El barco se pone de nuevo en marcha. Un tripulante nos ofrece bebidas calientes y unas galletas de soda. Jorge por una vez, se muestra inteligente y declina tomar nada. Mientras regresamos navegamos entre islotes, llenos de pingüinos, de lobos marinos, de aves, a los que el mar después de eones de golpear ha moldeado de extrañas y curiosas formas, Nos detenemos un instante frente a una isla casi partida por la mitad cuyas dos mitades únicamente están unidas por un pequeño puente de piedra y que llaman La Catedral.
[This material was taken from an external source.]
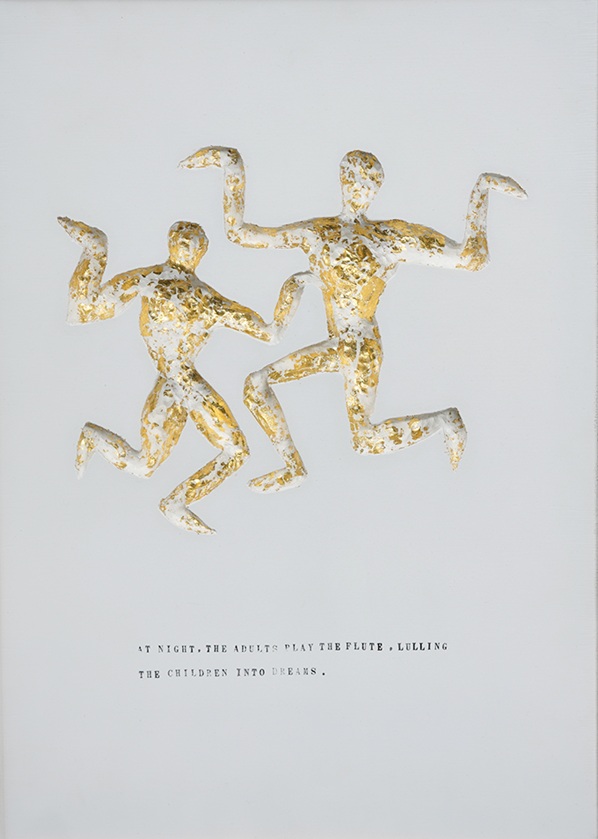 並木久矩 「夜になると、大人達は笛を吹き、子供たちに夢を見させる。/At night, the adults play flute, lulling the children to dreams.」 54.6×39.6×7cm
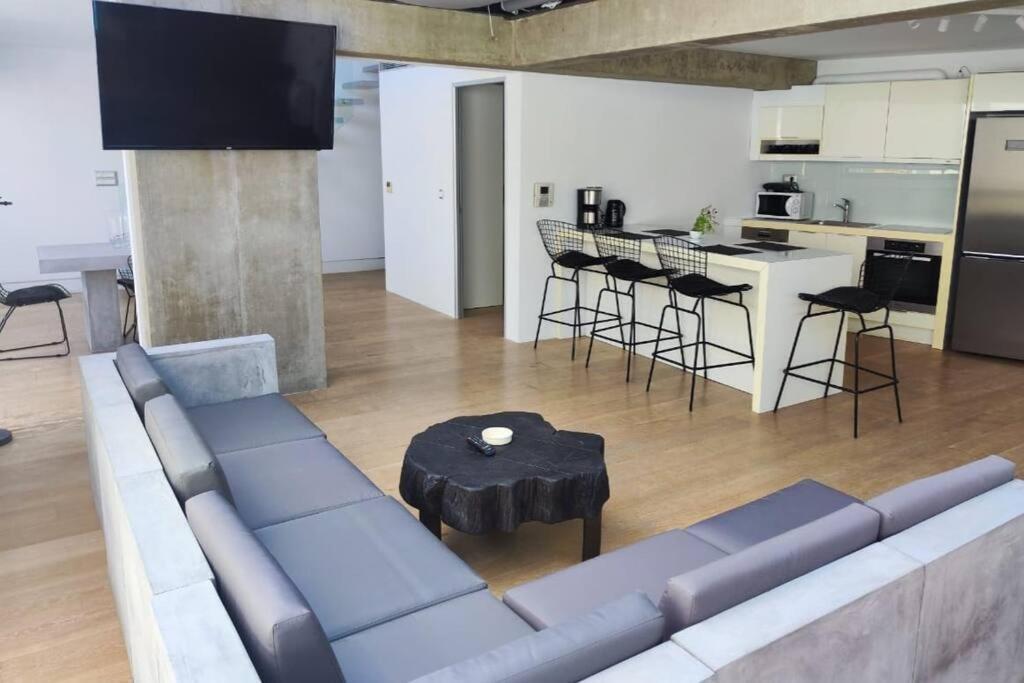 Gazi Pool House Apartamento Atenas Exterior foto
Diez minutos después estamos entrando por la bocana del puerto. Desembarcamos felices y satisfechos, aunque algunos aún con mal cuerpo. Nos despedimos de la gente y animados nos montamos en el coche. ¿Destino? Un poco más allá a la punta del Callao donde nos esperan un reconstituyente arroz con marisco y un cebiche acompañados de sus correspondientes chelas, cervezas, heladas.